Rellingen - Großeinsatz in Rellingen: In der Gemeinde im Kreis Pinneberg (Schleswig-Holstein) hat es in der Nacht zu Samstag gebrannt. Die Feuerwehr kämpfte mit zahlreichen Einsatzkräften stundenlang gegen die Flammen.

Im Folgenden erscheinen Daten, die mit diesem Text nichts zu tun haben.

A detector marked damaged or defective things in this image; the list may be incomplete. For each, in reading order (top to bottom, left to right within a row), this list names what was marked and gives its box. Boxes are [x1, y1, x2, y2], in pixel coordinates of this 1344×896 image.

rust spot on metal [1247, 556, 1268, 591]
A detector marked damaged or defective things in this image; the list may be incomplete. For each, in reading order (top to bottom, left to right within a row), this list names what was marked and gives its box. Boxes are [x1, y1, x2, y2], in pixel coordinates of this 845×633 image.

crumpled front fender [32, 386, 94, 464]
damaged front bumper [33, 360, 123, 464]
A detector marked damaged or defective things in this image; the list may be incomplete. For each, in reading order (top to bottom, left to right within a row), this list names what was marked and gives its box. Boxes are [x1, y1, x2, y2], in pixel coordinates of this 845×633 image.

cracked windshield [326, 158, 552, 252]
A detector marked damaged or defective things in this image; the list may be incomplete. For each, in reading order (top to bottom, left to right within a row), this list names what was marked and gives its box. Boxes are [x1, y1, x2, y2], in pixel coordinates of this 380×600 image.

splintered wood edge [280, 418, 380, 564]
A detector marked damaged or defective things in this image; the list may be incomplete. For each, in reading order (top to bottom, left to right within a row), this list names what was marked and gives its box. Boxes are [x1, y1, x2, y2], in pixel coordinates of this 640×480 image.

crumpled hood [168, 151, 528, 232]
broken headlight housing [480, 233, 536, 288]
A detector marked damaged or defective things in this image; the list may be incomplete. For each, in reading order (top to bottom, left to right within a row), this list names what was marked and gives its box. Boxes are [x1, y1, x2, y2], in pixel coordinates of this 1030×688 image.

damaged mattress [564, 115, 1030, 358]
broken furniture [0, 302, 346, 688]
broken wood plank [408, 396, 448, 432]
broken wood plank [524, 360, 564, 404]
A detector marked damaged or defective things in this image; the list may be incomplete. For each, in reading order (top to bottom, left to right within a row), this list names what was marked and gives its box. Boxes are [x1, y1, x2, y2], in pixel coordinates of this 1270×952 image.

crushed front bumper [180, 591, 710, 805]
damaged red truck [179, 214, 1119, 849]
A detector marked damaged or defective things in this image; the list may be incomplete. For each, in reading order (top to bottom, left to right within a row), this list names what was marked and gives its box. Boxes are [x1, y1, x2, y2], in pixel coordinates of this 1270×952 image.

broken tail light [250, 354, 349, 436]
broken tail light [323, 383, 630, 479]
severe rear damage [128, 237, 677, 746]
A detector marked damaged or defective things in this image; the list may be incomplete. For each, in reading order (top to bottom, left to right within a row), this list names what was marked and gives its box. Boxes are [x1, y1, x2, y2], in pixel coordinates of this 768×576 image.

In der Nacht zu Samstag hat es in der Gemeinde Rellingen gebrannt. Ein Mehrfamilienhaus stand lichterloh in Flammen.  © Kreisfeuerwehrverband Pinneberg

Wie der Kreisfeuerwehrverband Pinneberg mitteilte, waren die Kameraden um 2.06 Uhr zu dem Brand in der Eichenstraße alarmiert worden. Als sie vor Ort eintrafen, brannte das Obergeschoss eines zweistöckigen Mehrfamilienhauses bereits lichterloh.

Die Flammen schlugen demnach aus mehreren Fenstern und innerhalb weniger Minuten breitete sich der Brand auf den Dachstuhl aus, der kurz darauf ebenfalls in Vollbrand stand.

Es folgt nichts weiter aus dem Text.